- Data below -
***
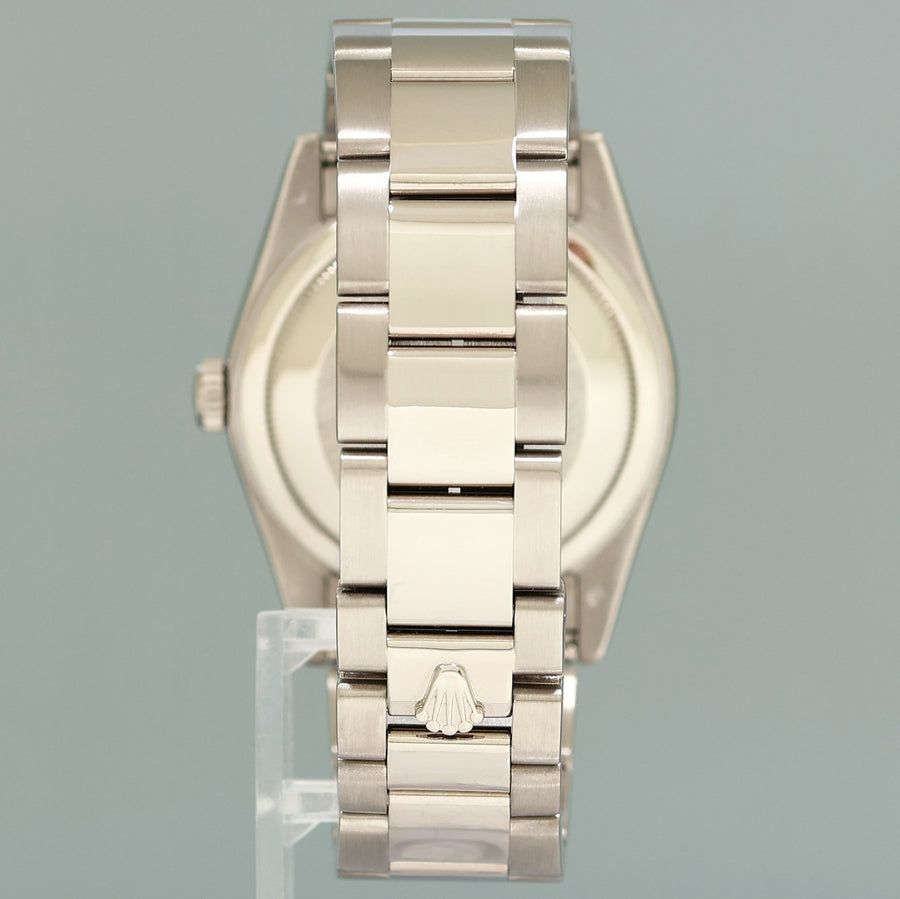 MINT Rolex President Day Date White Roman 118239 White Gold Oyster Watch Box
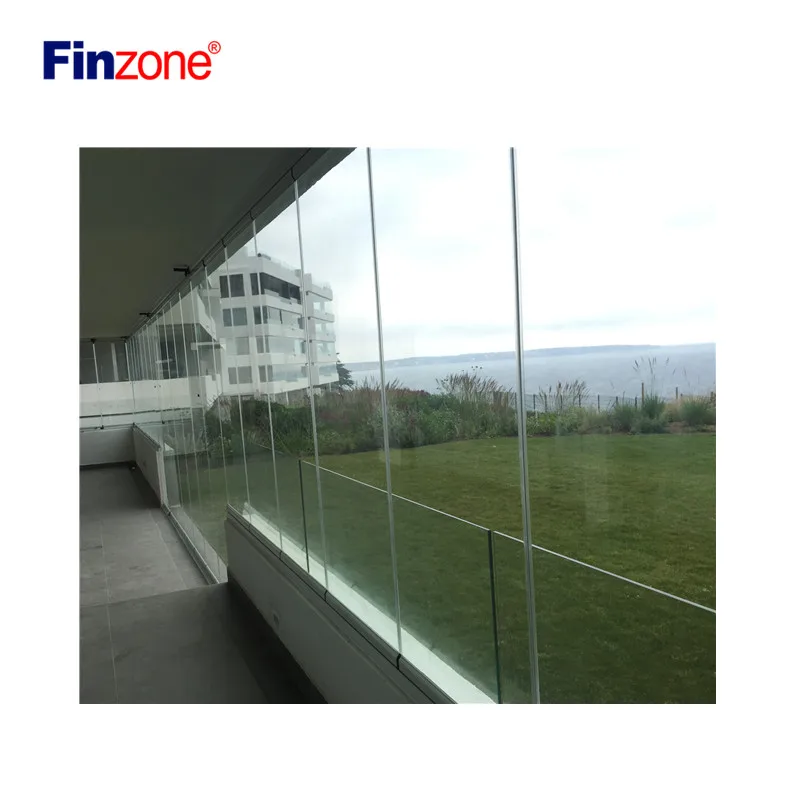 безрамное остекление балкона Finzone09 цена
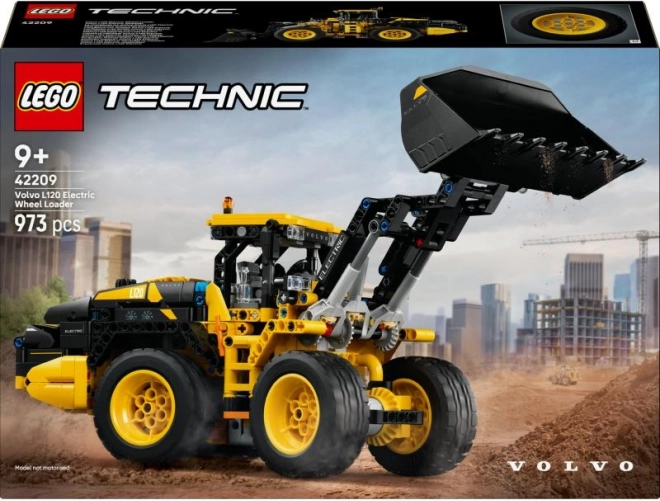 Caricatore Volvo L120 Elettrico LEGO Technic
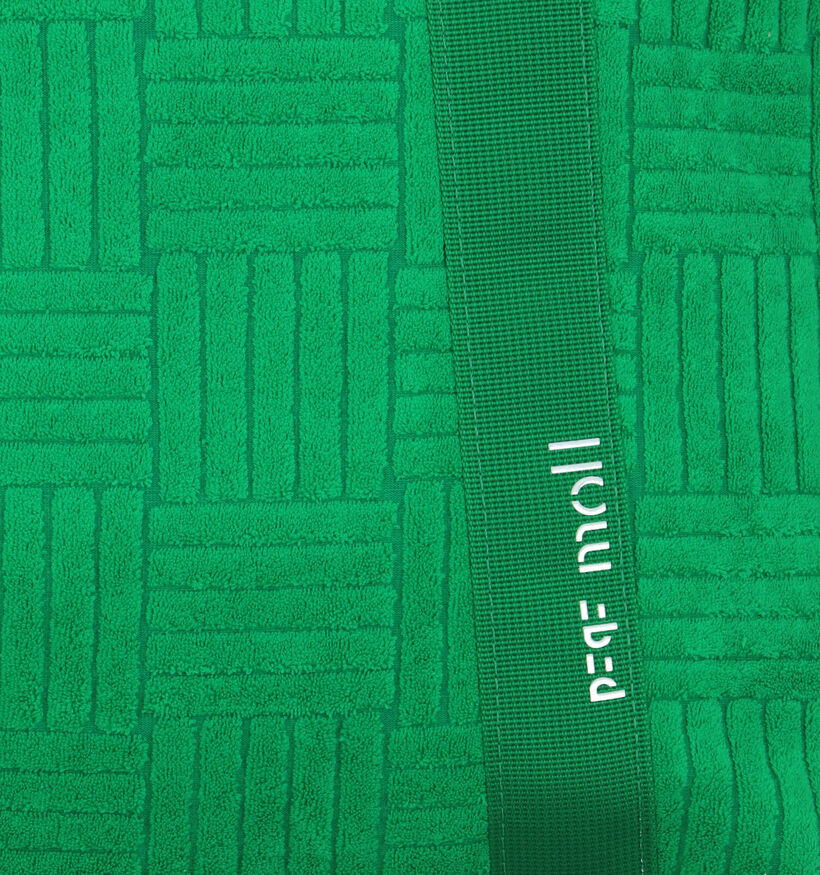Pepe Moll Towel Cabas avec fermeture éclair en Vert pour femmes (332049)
***
- Instructions for the task -
A word-for-word copy of the data, without its pictures, is what is needed.

- Response box -
 MINT Rolex President Day Date White Roman 118239 White Gold Oyster Watch Box
 безрамное остекление балкона Finzone09 цена
 Caricatore Volvo L120 Elettrico LEGO Technic
Pepe Moll Towel Cabas avec fermeture éclair en Vert pour femmes (332049)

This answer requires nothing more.